Exasperated, Mirabella couldn’t even get herself to finish her sentence. Instead, she made a small, guttural sound reflecting her total frustration about the entire preposterous idea he had just outlined.
How could he even entertain such an idea about her? Was that how little regard he had for her?
She blew out a shaky breath and then attempted to draw in a more steadying one in order to continue giving him a piece of her mind.
But at least for now, her own indignation prevented her from saying anything that sounded even the least bit remotely coherent.
Mirab
ella took another breath, and then, as calmly as she was able, measuring out each word, she told Zane, “If that’s what you really believe about me, then, regretfully, I have to hand in my resignation. I can’t work for anyone who actually regards me—regards my character—in such awful terms.”
She rose to her feet too quickly and suffered the consequences.
The room began to spin again and for one mortifying moment, Mirabella thought she was going to pass out for the second time that day.
Grabbing hold of the sofa’s arm, she continued holding on to it until the room finally slowed down and ceased moving.
Zane, on the outside chance she actually was going to faint, quickly moved to her side. He reached for her to take hold of her shoulders.
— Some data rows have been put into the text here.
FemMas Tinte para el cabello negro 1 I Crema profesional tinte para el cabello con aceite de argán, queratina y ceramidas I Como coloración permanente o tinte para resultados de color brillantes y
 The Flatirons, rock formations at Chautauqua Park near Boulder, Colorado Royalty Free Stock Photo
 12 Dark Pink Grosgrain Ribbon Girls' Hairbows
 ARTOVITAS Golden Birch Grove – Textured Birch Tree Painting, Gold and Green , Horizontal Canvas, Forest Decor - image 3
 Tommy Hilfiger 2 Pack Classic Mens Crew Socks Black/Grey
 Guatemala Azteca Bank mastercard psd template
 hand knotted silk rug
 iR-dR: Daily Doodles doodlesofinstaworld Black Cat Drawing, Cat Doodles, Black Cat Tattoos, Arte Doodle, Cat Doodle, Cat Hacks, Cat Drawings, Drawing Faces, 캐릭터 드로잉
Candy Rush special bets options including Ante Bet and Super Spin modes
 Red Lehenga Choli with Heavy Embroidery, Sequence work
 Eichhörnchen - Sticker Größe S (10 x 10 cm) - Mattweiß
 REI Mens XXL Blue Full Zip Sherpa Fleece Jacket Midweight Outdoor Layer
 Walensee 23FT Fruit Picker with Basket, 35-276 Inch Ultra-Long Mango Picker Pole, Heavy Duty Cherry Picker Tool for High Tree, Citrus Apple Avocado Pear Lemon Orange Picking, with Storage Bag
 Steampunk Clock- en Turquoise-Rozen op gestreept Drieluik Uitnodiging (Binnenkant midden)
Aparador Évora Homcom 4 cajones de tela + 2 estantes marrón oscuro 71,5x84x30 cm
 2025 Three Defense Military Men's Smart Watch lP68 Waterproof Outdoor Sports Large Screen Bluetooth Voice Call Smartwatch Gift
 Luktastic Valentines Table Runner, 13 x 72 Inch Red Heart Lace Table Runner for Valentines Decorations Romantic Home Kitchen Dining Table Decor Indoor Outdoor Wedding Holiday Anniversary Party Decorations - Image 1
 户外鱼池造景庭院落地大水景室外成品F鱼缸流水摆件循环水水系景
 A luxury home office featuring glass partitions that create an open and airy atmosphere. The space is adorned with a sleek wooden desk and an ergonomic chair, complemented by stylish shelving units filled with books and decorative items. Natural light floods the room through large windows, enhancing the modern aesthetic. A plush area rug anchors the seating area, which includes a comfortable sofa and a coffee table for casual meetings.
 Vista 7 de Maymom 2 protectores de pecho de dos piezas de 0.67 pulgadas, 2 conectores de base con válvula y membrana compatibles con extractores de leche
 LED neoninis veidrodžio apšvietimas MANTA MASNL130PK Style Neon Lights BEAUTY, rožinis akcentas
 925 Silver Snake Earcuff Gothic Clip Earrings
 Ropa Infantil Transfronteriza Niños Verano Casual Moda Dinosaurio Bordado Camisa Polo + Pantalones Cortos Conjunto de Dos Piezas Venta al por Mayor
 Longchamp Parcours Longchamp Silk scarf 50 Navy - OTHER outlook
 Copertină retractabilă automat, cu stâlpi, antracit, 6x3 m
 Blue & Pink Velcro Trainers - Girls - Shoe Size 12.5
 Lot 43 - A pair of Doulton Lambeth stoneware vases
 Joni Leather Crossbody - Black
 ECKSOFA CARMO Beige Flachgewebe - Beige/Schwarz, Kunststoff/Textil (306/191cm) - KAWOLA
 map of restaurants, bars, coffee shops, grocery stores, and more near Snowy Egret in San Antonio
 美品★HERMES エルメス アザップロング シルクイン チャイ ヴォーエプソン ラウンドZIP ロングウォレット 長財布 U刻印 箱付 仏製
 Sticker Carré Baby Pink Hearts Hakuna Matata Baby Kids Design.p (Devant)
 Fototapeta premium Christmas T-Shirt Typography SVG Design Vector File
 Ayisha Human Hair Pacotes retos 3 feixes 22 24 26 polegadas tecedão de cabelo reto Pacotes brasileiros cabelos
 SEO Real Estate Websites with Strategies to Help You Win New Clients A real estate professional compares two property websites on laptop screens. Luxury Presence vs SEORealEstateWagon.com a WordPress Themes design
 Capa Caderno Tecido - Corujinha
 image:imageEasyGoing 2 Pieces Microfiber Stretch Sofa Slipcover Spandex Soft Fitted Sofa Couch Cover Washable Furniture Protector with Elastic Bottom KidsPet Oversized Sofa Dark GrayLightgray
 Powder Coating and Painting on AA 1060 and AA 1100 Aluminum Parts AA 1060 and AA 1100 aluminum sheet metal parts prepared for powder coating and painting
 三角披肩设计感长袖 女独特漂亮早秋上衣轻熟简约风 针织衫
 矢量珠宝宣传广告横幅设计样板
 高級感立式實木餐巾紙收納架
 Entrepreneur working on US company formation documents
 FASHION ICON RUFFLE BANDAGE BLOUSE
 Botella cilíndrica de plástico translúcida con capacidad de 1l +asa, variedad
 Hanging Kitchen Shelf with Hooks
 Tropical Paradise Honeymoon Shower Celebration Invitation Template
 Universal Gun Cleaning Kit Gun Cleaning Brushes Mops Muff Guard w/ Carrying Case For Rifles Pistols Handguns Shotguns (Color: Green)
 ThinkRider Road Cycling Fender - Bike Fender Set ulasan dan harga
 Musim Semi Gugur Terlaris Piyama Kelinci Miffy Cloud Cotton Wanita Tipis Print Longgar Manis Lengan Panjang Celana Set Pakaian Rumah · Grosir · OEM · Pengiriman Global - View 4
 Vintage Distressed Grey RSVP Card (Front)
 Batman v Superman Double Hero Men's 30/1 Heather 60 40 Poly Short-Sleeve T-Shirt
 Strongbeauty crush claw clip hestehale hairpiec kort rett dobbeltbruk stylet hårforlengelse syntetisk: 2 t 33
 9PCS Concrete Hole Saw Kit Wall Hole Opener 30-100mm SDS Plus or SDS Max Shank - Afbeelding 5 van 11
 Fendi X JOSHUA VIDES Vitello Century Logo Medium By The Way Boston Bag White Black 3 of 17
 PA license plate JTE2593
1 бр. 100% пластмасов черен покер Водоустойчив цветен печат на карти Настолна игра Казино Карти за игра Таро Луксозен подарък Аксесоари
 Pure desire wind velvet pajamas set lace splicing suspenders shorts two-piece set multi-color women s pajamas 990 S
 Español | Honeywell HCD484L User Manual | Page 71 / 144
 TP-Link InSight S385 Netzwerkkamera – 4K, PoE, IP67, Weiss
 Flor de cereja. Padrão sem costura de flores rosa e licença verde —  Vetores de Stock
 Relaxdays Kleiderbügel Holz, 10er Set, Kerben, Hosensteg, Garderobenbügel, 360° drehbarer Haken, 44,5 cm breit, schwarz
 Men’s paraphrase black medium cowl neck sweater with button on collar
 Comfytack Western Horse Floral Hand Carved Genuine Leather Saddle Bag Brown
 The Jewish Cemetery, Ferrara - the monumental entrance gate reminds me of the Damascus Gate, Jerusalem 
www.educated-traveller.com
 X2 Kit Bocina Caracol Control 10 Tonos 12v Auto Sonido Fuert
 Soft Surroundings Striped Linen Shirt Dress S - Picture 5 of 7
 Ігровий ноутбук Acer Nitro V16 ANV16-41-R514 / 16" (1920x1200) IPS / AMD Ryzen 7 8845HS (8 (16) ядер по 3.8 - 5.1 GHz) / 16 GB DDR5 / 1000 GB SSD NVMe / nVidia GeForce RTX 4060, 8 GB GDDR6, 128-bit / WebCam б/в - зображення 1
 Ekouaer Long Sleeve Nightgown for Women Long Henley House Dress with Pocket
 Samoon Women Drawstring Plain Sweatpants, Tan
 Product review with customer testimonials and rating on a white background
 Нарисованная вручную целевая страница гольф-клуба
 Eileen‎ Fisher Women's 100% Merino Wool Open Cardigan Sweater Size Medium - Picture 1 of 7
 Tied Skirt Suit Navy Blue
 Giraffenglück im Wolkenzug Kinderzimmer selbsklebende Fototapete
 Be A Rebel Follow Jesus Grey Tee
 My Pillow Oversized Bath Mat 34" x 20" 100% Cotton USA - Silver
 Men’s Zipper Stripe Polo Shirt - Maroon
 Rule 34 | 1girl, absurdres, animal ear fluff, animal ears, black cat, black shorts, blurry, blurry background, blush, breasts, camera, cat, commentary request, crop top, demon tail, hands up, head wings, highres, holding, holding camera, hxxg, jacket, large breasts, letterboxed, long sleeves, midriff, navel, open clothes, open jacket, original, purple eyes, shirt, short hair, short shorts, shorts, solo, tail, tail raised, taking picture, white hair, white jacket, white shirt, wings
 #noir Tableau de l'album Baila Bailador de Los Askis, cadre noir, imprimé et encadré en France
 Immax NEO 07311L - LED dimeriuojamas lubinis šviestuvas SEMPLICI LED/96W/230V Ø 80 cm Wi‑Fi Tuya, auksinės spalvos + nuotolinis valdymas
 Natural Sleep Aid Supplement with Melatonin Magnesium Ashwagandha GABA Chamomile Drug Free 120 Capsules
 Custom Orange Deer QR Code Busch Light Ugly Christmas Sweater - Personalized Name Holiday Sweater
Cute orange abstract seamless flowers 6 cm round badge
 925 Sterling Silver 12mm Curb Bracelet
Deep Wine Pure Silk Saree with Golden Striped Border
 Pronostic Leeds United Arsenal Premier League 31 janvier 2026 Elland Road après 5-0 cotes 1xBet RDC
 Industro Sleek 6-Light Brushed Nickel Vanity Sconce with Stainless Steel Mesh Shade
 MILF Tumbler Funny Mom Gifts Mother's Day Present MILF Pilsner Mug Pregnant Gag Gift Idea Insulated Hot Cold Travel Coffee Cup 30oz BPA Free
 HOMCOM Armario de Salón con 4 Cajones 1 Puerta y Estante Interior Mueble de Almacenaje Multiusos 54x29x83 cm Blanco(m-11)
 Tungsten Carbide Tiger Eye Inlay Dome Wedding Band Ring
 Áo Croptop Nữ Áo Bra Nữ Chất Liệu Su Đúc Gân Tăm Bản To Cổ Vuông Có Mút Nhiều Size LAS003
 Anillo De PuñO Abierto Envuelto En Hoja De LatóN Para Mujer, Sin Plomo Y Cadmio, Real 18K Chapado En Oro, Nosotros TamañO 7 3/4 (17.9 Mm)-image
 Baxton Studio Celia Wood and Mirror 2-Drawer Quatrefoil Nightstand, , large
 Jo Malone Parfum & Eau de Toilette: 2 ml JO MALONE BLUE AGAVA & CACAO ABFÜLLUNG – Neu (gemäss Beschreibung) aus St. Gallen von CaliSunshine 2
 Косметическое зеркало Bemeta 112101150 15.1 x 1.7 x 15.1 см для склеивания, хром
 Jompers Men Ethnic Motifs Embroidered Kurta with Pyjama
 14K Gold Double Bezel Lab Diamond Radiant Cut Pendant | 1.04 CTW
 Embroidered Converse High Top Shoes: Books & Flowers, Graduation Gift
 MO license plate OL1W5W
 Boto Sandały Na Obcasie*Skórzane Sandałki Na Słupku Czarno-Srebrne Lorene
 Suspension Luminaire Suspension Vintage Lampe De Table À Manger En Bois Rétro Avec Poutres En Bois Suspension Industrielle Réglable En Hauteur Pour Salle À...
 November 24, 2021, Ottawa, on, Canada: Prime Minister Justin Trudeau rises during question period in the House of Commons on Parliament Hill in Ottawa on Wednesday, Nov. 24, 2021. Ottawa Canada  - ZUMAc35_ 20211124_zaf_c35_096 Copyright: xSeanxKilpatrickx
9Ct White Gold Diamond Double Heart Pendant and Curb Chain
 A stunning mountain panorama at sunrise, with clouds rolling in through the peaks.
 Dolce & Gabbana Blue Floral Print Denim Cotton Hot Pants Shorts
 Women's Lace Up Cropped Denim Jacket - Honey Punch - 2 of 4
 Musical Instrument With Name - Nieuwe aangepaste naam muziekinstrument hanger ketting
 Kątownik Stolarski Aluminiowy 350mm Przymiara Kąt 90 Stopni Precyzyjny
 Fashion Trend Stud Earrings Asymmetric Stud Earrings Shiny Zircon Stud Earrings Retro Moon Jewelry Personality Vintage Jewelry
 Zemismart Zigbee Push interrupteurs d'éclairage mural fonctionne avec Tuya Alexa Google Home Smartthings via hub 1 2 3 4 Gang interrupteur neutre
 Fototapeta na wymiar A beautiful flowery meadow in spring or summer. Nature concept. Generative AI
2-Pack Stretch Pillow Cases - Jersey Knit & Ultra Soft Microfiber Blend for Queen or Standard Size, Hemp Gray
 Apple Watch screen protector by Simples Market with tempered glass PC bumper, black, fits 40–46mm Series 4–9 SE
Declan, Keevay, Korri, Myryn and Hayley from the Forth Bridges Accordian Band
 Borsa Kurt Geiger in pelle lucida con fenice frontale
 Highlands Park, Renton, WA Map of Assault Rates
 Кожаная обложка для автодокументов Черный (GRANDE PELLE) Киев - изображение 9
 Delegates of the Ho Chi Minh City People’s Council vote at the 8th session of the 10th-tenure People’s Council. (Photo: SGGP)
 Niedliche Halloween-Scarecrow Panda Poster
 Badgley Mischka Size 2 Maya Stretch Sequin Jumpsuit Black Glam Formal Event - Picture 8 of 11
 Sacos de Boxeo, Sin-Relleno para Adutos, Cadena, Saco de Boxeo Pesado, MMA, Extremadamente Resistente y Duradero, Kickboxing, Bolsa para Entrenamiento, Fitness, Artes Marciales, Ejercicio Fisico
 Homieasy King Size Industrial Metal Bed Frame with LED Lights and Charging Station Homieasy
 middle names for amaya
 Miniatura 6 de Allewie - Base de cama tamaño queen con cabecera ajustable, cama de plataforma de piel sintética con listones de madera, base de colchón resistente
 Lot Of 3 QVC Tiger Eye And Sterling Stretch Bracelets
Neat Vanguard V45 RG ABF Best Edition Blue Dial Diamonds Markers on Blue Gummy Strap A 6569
Mirabella angrily pushed one of his hands aside with the flat of her own.
“I can manage,” she informed him through gritted teeth. “You wouldn’t want to be seen grabbing your father’s kept woman,” Mirabella warned in a mocking voice. “Heaven only knows what kind of stories that would give birth to.”
He supposed maybe this could all be just an elaborate performance. After all, if Mirabella had done what he’d just accused her of, she could very well feign this indignation in order to play the part of a wronged woman in his eyes.
He just didn’t know anymore.
So much had happened in this last month that he found himself at a loss as to what to believe and what to hold suspect. Truth had become a very elusive commodity, changing its appearance to the point that he didn’t know if he could actually recognize it anymore. Truth had become a chameleon, assuming odd shapes.
And then he thought he heard the little voice in his head advise, Trust your gut.
He hadn’t worked his way up in the company—and in Eldridge’s estimation, by looking to others for guidance, or by relying on reports and other people’s opinions to dictate his actions. He’d done it by following his own instincts.
In a nutshell, by trusting his gut.
And his gut told him the woman he had relied on all this time, who had worked tirelessly at his side without expectation of praise or any sort of additional compensation these last few years, was telling him the truth.